═════ Task input ═════

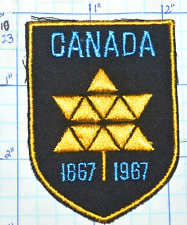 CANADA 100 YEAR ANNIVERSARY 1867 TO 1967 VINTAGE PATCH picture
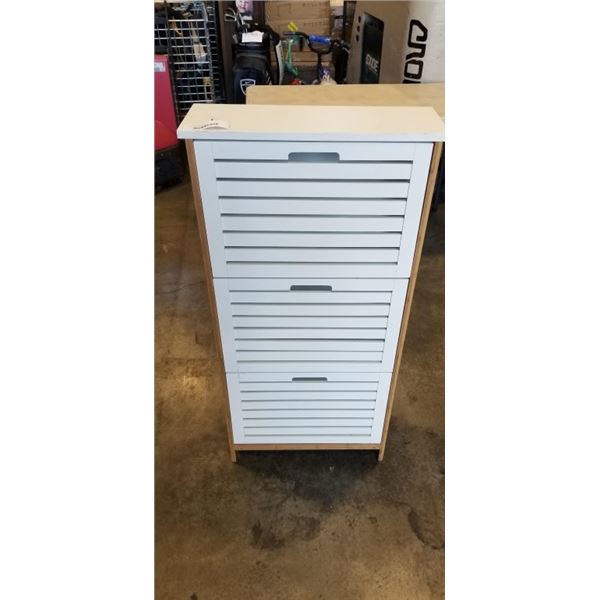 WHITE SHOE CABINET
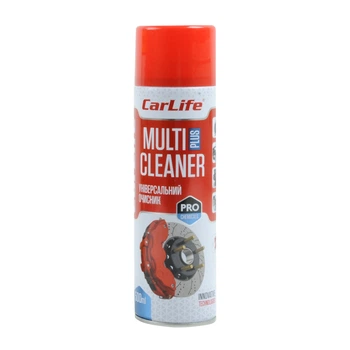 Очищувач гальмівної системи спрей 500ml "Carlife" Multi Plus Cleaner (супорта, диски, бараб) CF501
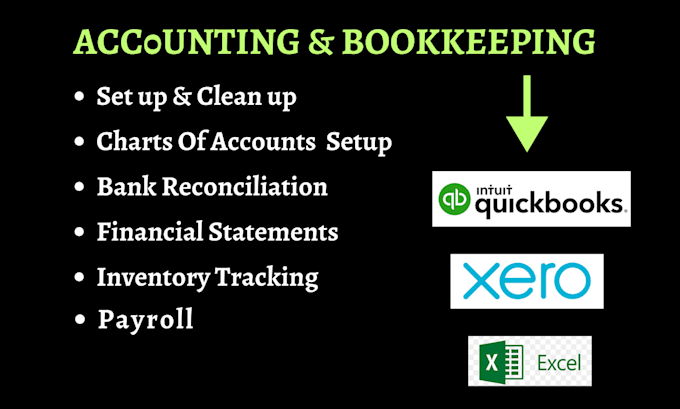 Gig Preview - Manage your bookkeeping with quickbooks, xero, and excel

═════
═════ Task input ═════

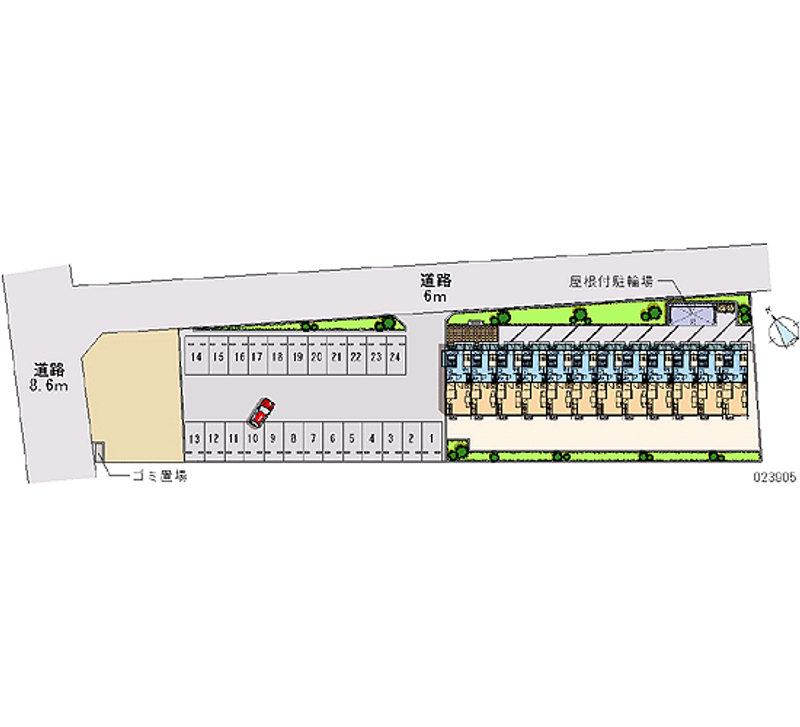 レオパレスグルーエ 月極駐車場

═════
═════ Task input ═════

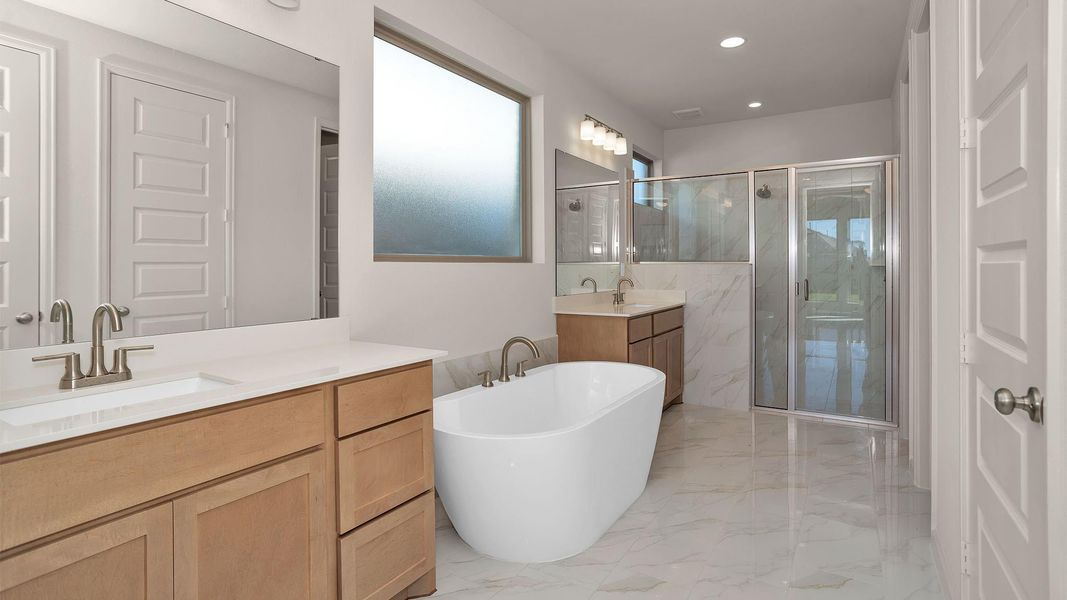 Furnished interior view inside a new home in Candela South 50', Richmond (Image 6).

═════

Exercise brief:
The expected output is the lines above from the one containing "CANADA 100 YEAR" to the one containing "Gig Preview - Manage", both ends included, reproduced exactly with every picture left out.

Written solution:
 CANADA 100 YEAR ANNIVERSARY 1867 TO 1967 VINTAGE PATCH picture
 WHITE SHOE CABINET
 Очищувач гальмівної системи спрей 500ml "Carlife" Multi Plus Cleaner (супорта, диски, бараб) CF501
 Gig Preview - Manage your bookkeeping with quickbooks, xero, and excel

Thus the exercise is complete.